A Real Winner
31.12.2007Just as everyone started wondering what happened to the girl who won X-Factor last year – Leona Lewis started belting out her hits.
They knew they were onto something with this one which is why after her obligatory Christmas number one they snatched her away to the States without releasing record after record of cover singles which may well have seen her go from no.1 to no.5 to no.47 to disappearing without a trace like many of her reality TV predecessors.
No, with Leona, Mr Cowell knew she deserved a bit more work and now here she is following up her cracking number one single with a record-breaking album almost a year after the hype. Will Mr Cowell and Miss Lewis please take a bow – that is a feat to be proud of. So, the album. Does it bring back memories of Mariah Carey’s early days? Does it come close to any of Christina Aguilera’s albums? On first listen, after much hype the album was disappointing.
It’s much more accomplished than any other quickly produced reality TV hit makers. They took their time and rightfully so. Incredibly and wisely there are only two covers on the whole album and neither of them Mariah or Whitney; her original debut cover of Kelly Clarkson’s A moment like this and a beautifully sung, unobvious choice for a second cover - The First Time Ever I Saw Your Face. So, well done on that front.

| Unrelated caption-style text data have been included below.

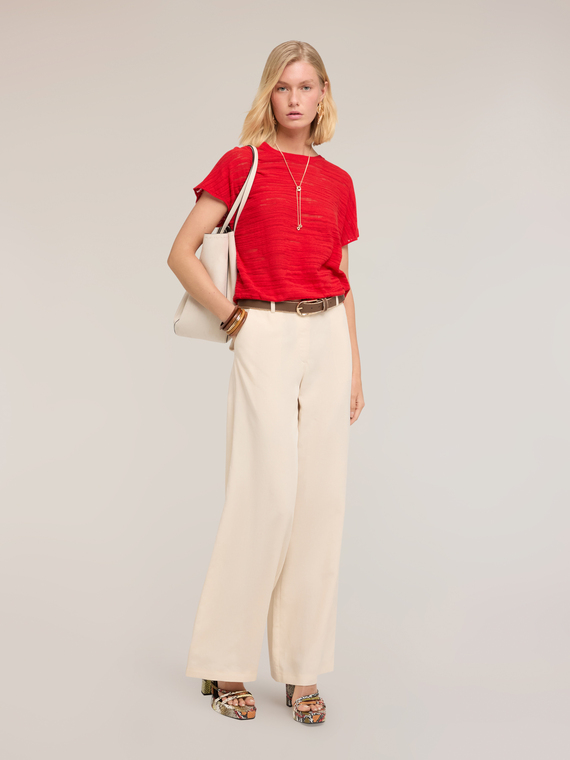 Wide-leg trousers in linen blend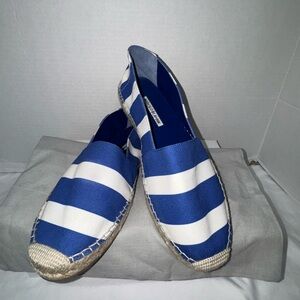 Manolo Blahnik Striped Blue & White Espadrille Flats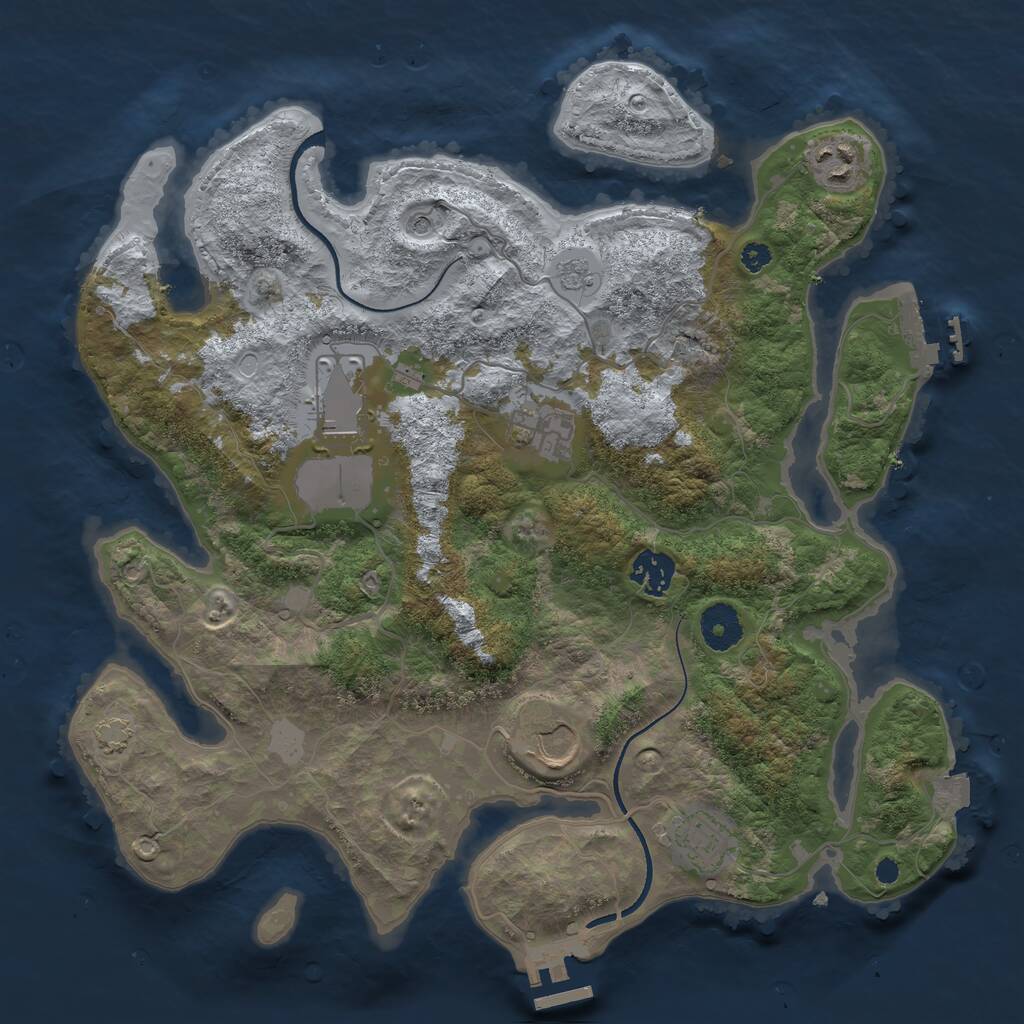 Rust Map: Procedural Map, Size: 3500, Seed: 67380218, 12 Monuments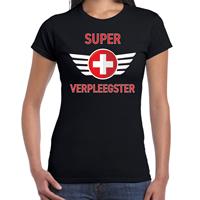Bellatio Super verpleegster met medisch kruis cadeau t-shirt Zwart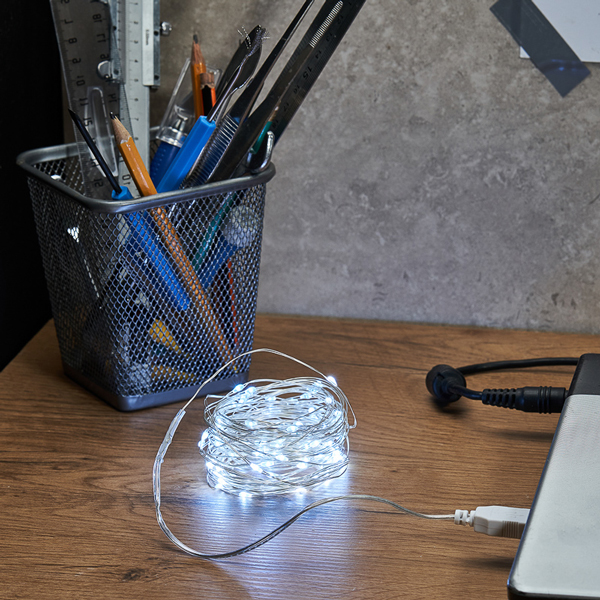 Гирлянда светодиодная NEON-NIGHT Роса 10 м USB 100 LED, белая (315-975)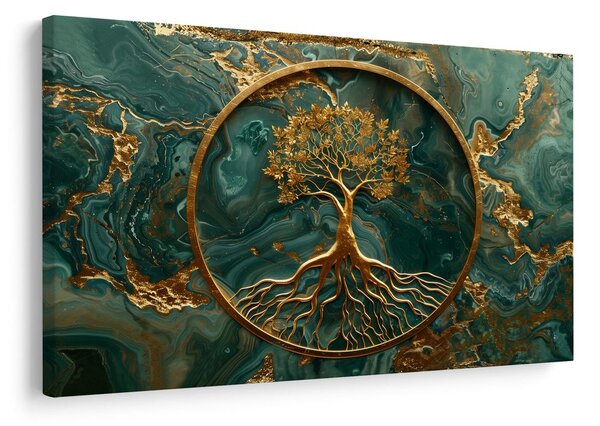 Quadro su tela – Albero della vita dorato su sfondo smeraldo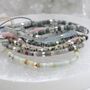 Gemstone Boho Beaded Adjustable Friendship Bracelet Silver Beads, thumbnail 10 of 10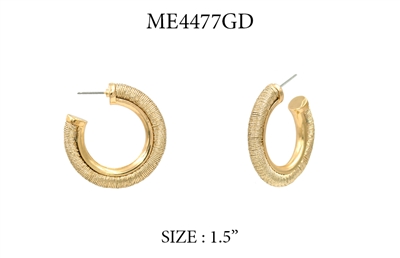 Gold Fabric Textured Hoop 1.5" Earring
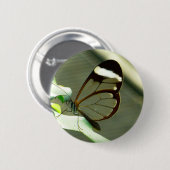 Atemberaubend-braun-glatter Schmetterling Button (Vorne & Hinten)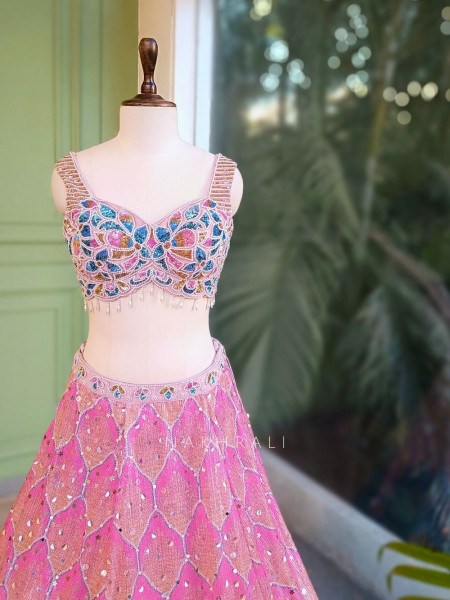 Azmira Blue Pink Floral Lehenga Set with Sequin and Bead Work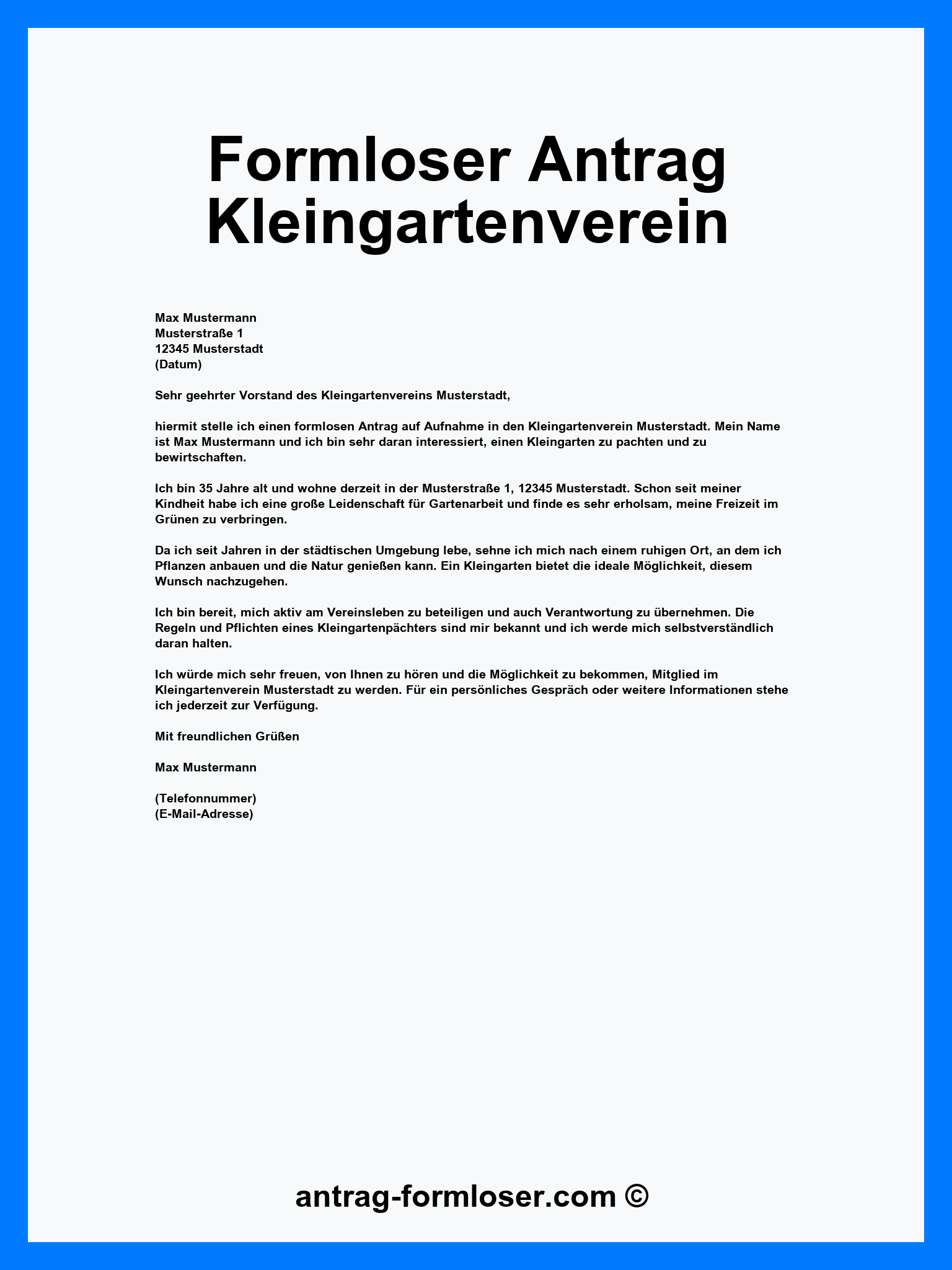 Formloser Antrag Kleingartenverein - Word - PDF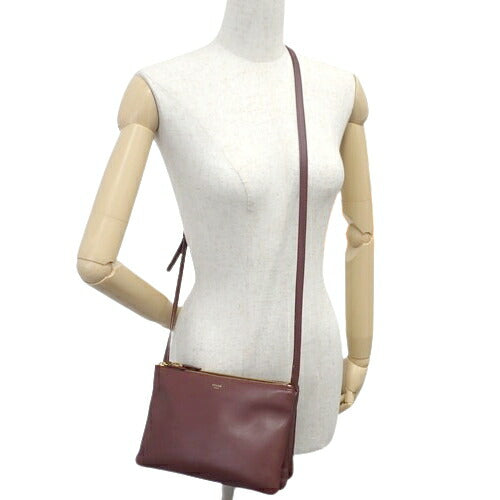 CELINE Trio Small Shoulder Bag Shoulder Crossbody Pochette Pouch Lambskin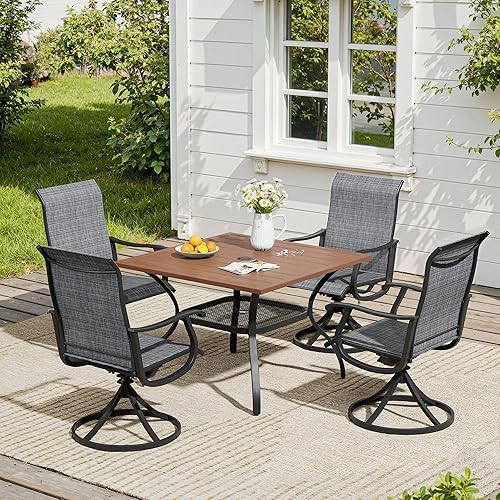 Miniatura 20 de VICLLAX Muebles pequeños de exterior de 3 piezas, 2 sillas giratorias de patio y mesa redonda pequeña para 2, sillas de carbón oscuro y negro Carbón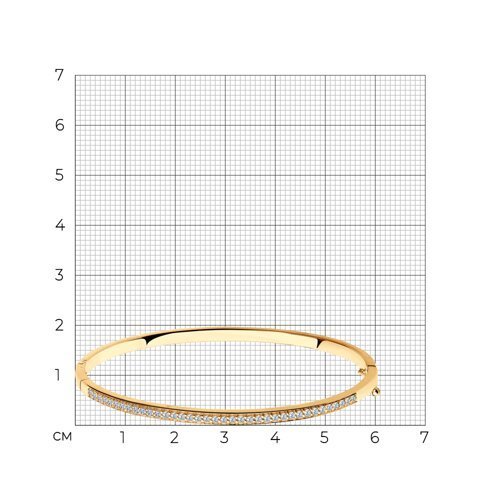 Браслет жёсткий из золочёного серебра с фианитами (Арт.93050050)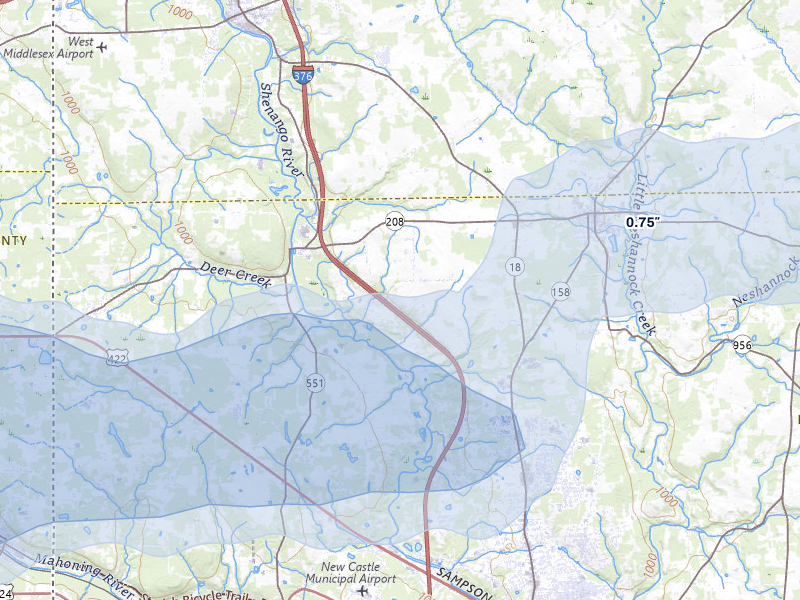 NEXRAD radar-signature map of the hail storm over New Wilmington, PA on Mar 22, 2026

But alas here’s the rub. The first song, the dubiously titled no.1 Bleeding Love - was a great song for Leona to hit our radios with and its woeful ‘You left me, I’m sad, I’ll be ok(ish)’ theme resonated with all the heartbroken loners out there.
The problem comes, however, when song 2 is about the same thing and then song 3.By the time song 4 starts thoughts of ‘OK, I get it –he’s a bastard’ start raging through your mind. Leona sings each and every one superbly – there really is no doubting her phenomenal voice. But, it seems the songwriters in LA went on strike as well as the scriptwriters. Horrendous cliché lines of ‘shelter from the storm’ and then ‘make it through the (wait we’ve done storm what’s the other one oh I know) rain,’ make you wonder if it was really worth jetting off to LA to work on that album.Our shamefully poor British pop song writers who wrote Shane Ward’s horrendous follow ups could have done a better job.